Seriíssimo

Concluí a rápida leitura de As inseparáveis, de Simone de Beauvoir (Ed. Record, 2021), um extrato de reminescências principalmente de sua infância e pré-adolescência em amizade com Zaza, retratada como Andrée. Chama a atenção que são experiências tão comuns à primeira abordagem e que se tornam importantes devido ao que a autora veio a se transformar depois. São extratos já integrados em outras obras, mas que teve uma primeira edição apenas agora como elemento independente. Amores, dúvidas, regras sociais, embates na família, admiração da natureza. Quantos tiveram vivências equivalentes e por não a relatarem ou não chamarem a atenção da sociedade para a própria existência nunca galgaram um lugar nas estantes e arquivos pdf. Por isso, talvez, que eu vá registrando inferições comezinhas do que me acontece ao redor, primeiro em cadernos de capa dura preta e, mais recentemente, em multicoloridos e mais flexíveis. A rigidez da obrigação das anotações foi se moldando com o tempo. Vai que algum dia tudo ou algo torne-se importante! Sem que combinássemos, Paulo Viana, "o" leitor deste blog, fez reflexões sobre o tempo que passa citando outro texto de Simone de Beauvoir, A velhice, (https://blogdopaulosergioviana.blogspot.com/2023/01/o-arauto.html). Linda crônica para ser lida.

No final do livro de pouco mais de 100 páginas que acabei de ler, a autora fala acerca de uma pessoa feiíssima, sim, com esta grafia correta. No ato lembrei-me de quando critiquei o uso de "precaríssima" em um artigo de jornal importante da capital paulista, que publicou o vocábulo sem o i a mais. Discorri sobre isso na coluna "O contexto dos erros", do extinto Jornal Guaypacaré, que foi republicada à página 292 de meu Transformações na Terra das Goiabeiras (2017). A Maria Eunice, secretária do Departamento de Biotecnologia em que trabalhávamos e que comigo dividiu a sala por muito tempo, era também escritora a mancheia e corretora de nossos textos em inglês e português. Com esses predicados, mesmo assim, desconhecia a grafia correta de seriíssimo, precariíssimo e outros que tais e tive de confrontá-la com gramáticas e dicionários para que reconhecesse o fato. Certo é que o moderno Houaiss já admite usar seríssimo devido ao costume, como sói acontecer com o desenvolvimento da língua. Feiíssimo pode aparentar ser mais feio do que realmente é.
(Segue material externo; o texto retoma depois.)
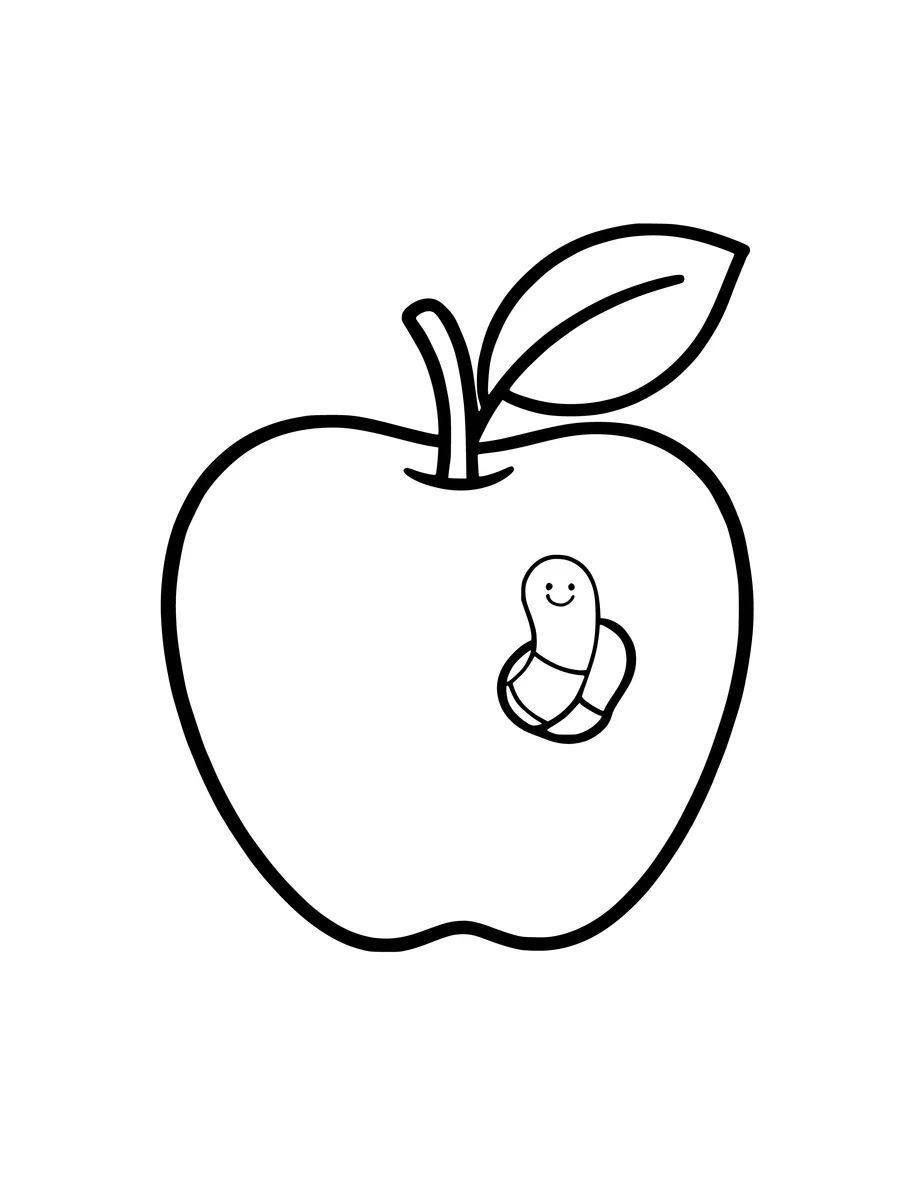 A coloring page featuring a round apple with a stem, a leaf, and a small worm peeking out from a hole.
Seriíssimas ou seríssimas continuam as questões sociais e políticas do país. Há muito crime para ser punido (https://www.brasil247.com/blog/crime-e-castigo-yiua6xqb) e a tragédia Yanomami é o mais recente revelado. As imagens são impactantes e, dada a constância e objetivo do descaso, é mais provável que se trata de genocídio. Juristas assim concordam, mas também apontar ser difícil um processo ou punição baseados nesse argumento. Transcrevo uma impressão que enviei ao Estadão que não foi lá publicada, uma daquelas missivas preteridas, com a ressalva de que os números apresentados são estimativas colhidas de sítios da internet: O cuidado com os povos originários sempre foi insuficiente, mas atingimos um patamar semelhante ao genocído. Nem nos Estados Unidos, com suas políticas de deslocamento de indígenas, guerras civis e atuação da cavalaria enaltecida pelo ex-despresidente, a dizimação dessa população ao longo de cinco séculos foi tão grande quanto aqui. Na chegada dos europeus havia cerca de 6 milhões de nativos lá e aqui; hoje o Brasil computa menos de 1 milhão e os EUA, quase 4 milhões.

Comentários

  1. Cuidar da língua e aprecia-la é tão importante quanto o conteúdo da escritura. Portanto, parabéns pelas considerações superlativas. De minha parte, vou percorrendo a densa “Velhice” da Beauvoir. Quanto ao nosso genocidio pátrio, não custa lembrar a nossa responsabilidade de cidadãos: somos nós que elegemos aqueles que andam fazendo a politica relativa aos povos originários. Cada um de nós tem uma parte nisso.